* **What to work on**: Up to and including the line that holds "Free Palestine Save Gaza Ilustraion Coaster", copy every line of the records below exactly, starting at the first; leave pictures out.

Top of Available data

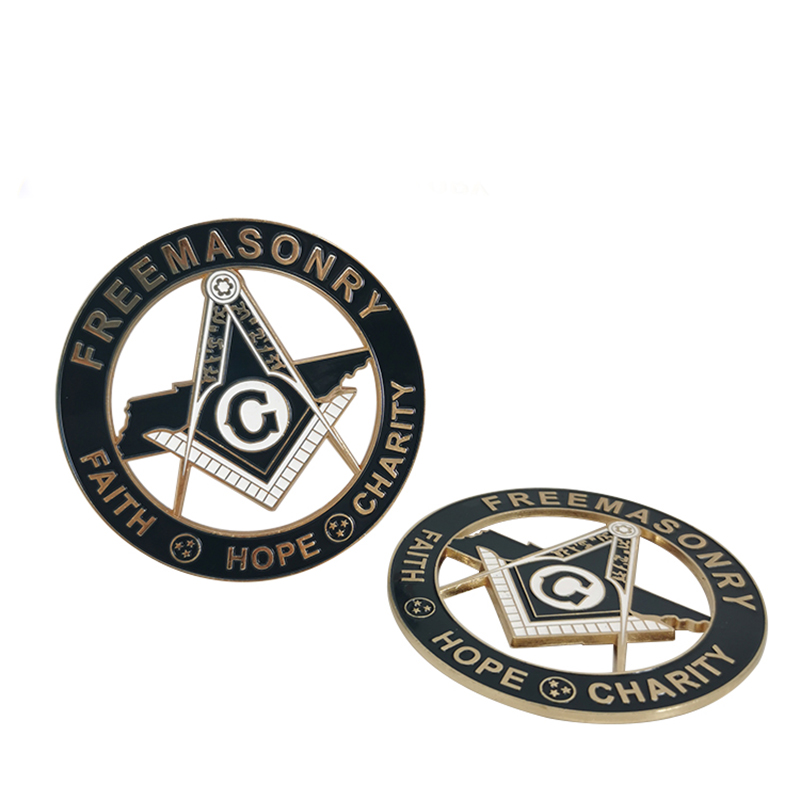 Gold Plated Mansonic Logo Square & Compass Car Emblem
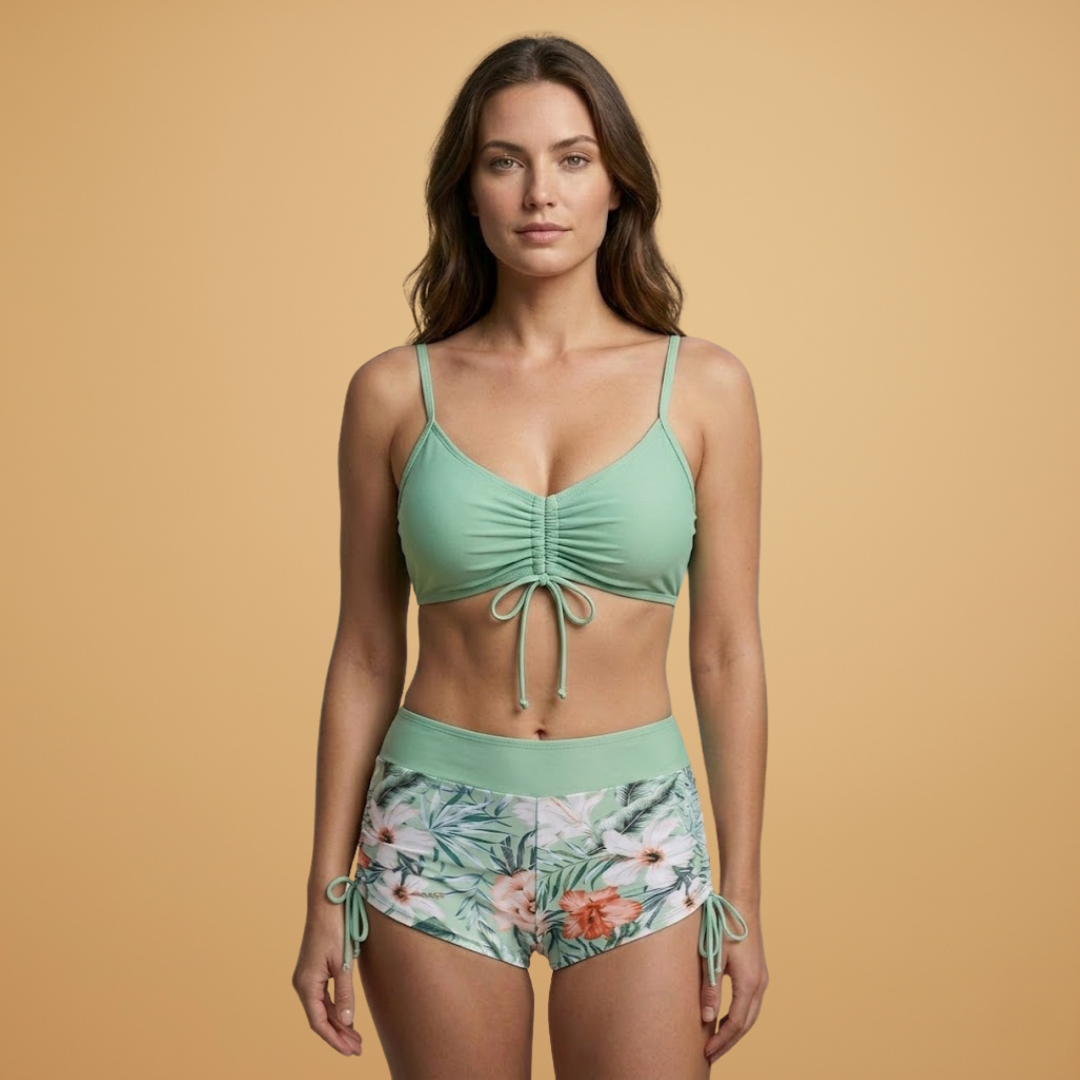 Women’s Bikini Set with Adjustable Tie-Front Top and High-Waisted Shorts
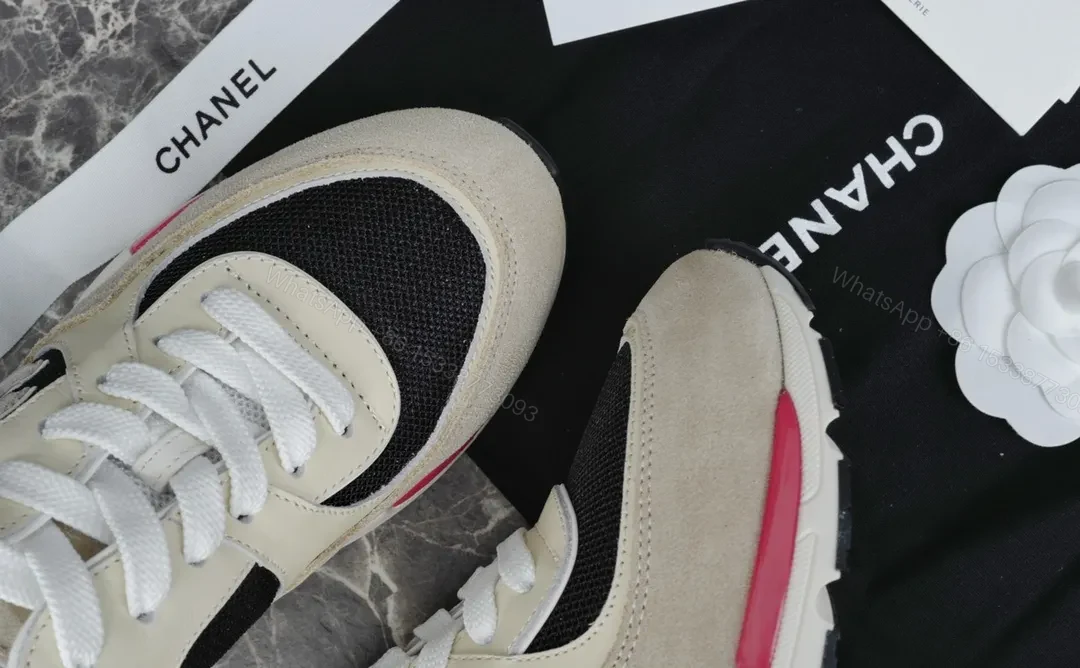View 3 of Chanel-Inspired Trail Runner: Neutrals, Pink Accents, Luxe Comfort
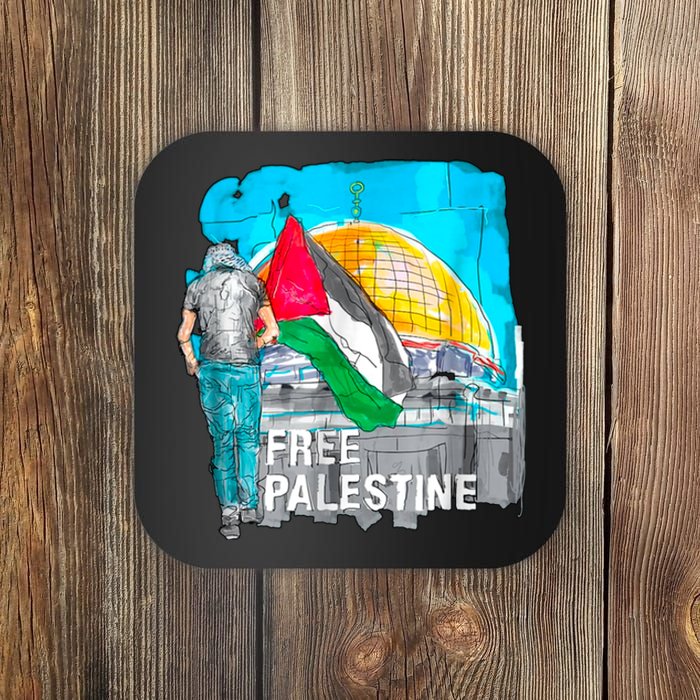 Free Palestine Save Gaza Ilustraion Coaster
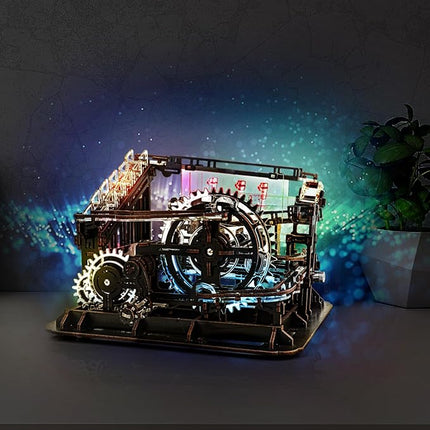 3D Wooden Puzzle Marble Run with LED Lights, Wooden Model Building Kits for Adults, Wood Mechanical Puzzle Building Set, Office Desk Decor Gift for Men Adults (312 PCS)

Bottom of Available data

* **Reply**:
 Gold Plated Mansonic Logo Square & Compass Car Emblem
 Women’s Bikini Set with Adjustable Tie-Front Top and High-Waisted Shorts
View 3 of Chanel-Inspired Trail Runner: Neutrals, Pink Accents, Luxe Comfort
 Free Palestine Save Gaza Ilustraion Coaster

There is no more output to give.